Sehr gespannt darf man auf das Comeback des ewigen Wunderkinds Michel Gondry sein, der mit „The Book of Solutions“ seinen ersten Film seit acht Jahren vollendete; er handelt wohl nicht zufällig von einem Regisseur, der die Aufnahmen seines neuesten Werks entführt, um sie vor dem Zugriff seiner Geldgeber zu bewahren. Richard Linklater hat sich mit „Hit Man“ ins Genre des Auftragskillerfilms gewagt, Ryūsuke Hamaguchi erzählt in „Evil does not exist“ eine ökologische Parabel über die Zerstörung der Natur, und Xavier Dolan stellt in Köln seine erste Fernsehserie vor: „The Night Logan Woke up“ ist ein fünfteiliges Familienmelodram, das, aufgeteilt auf zwei Vorstellungen, tatsächlich in voller Länge gezeigt wird.

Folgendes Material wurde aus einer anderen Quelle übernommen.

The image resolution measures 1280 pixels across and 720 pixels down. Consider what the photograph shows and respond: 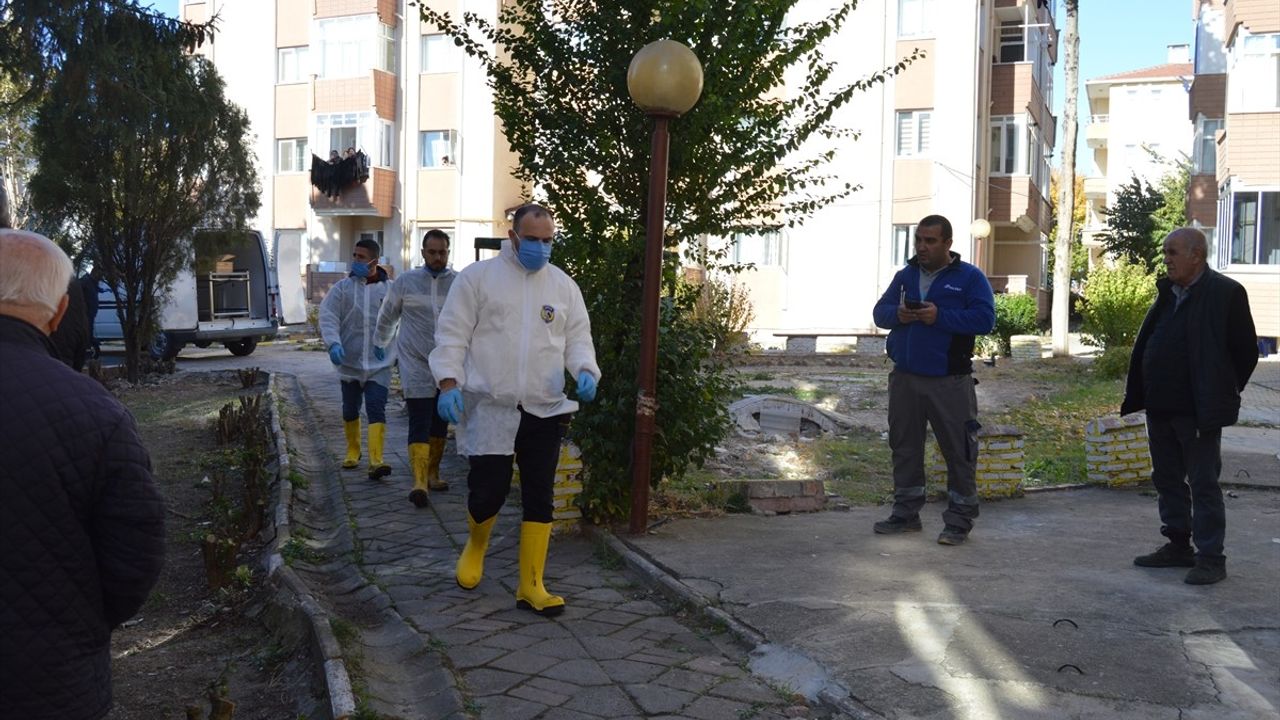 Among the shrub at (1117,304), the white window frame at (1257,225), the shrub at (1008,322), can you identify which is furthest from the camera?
the white window frame at (1257,225)

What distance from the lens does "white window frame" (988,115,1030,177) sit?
111ft

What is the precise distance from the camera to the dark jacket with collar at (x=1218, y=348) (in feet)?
19.7

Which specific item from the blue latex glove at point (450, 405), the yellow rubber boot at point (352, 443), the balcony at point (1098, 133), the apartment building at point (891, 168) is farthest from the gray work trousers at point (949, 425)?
the balcony at point (1098, 133)

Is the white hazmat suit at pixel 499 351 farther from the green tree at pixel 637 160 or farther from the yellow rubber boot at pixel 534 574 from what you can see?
the green tree at pixel 637 160

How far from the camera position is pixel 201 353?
81.2 ft

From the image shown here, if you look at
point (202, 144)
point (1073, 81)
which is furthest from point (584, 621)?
point (1073, 81)

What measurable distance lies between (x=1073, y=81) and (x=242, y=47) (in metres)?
26.7

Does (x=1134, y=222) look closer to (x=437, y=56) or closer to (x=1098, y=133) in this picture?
(x=437, y=56)

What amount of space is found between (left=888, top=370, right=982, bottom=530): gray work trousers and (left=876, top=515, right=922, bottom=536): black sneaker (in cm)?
30

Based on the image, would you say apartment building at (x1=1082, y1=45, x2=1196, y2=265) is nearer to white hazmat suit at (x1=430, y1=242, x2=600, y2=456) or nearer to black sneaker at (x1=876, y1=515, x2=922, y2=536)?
black sneaker at (x1=876, y1=515, x2=922, y2=536)

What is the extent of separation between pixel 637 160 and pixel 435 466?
9.37 feet

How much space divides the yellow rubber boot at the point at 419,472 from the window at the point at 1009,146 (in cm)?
2838

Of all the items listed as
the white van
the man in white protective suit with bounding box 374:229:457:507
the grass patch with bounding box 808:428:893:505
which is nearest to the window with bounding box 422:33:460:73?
the white van

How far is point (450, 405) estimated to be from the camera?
5551 millimetres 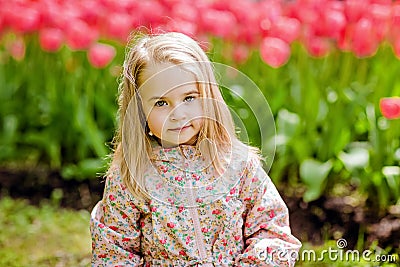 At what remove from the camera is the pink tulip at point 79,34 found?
427 centimetres

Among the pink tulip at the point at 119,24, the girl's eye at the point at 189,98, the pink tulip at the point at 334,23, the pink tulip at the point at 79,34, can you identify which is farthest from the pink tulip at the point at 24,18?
the girl's eye at the point at 189,98

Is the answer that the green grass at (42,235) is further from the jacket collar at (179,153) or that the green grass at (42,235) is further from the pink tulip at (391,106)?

Es liegt also eine schöne Kinowoche vor uns, aber makellos wie die Tage in Wim Wenders' neuestem Film werden sie nicht. Der japanische Filmstar Koji Yakusho spielt in „Perfect Days“ einen ebenso schweigsamen wie genügsamen Tokioter, der seine Erfüllung darin zu finden scheint, Bücher zu lesen, Bäume zu fotografieren und in seinen Arbeitspausen Menschen zu beobachten. Solche Feiern des bedürfnislosen Lebens sind für gewöhnlich mit Vorsicht zu genießen, aber der mit Chaplins Tramp verwandte Mann ist dann doch mehr als ein weiser Einfaltspinsel, und die öffentlichen Toilettenhäuser, die er täglich putzt, sind eine Designschau erster Güte. Vergleichbares wird man in Köln nur mit geschlossenen Augen sehen.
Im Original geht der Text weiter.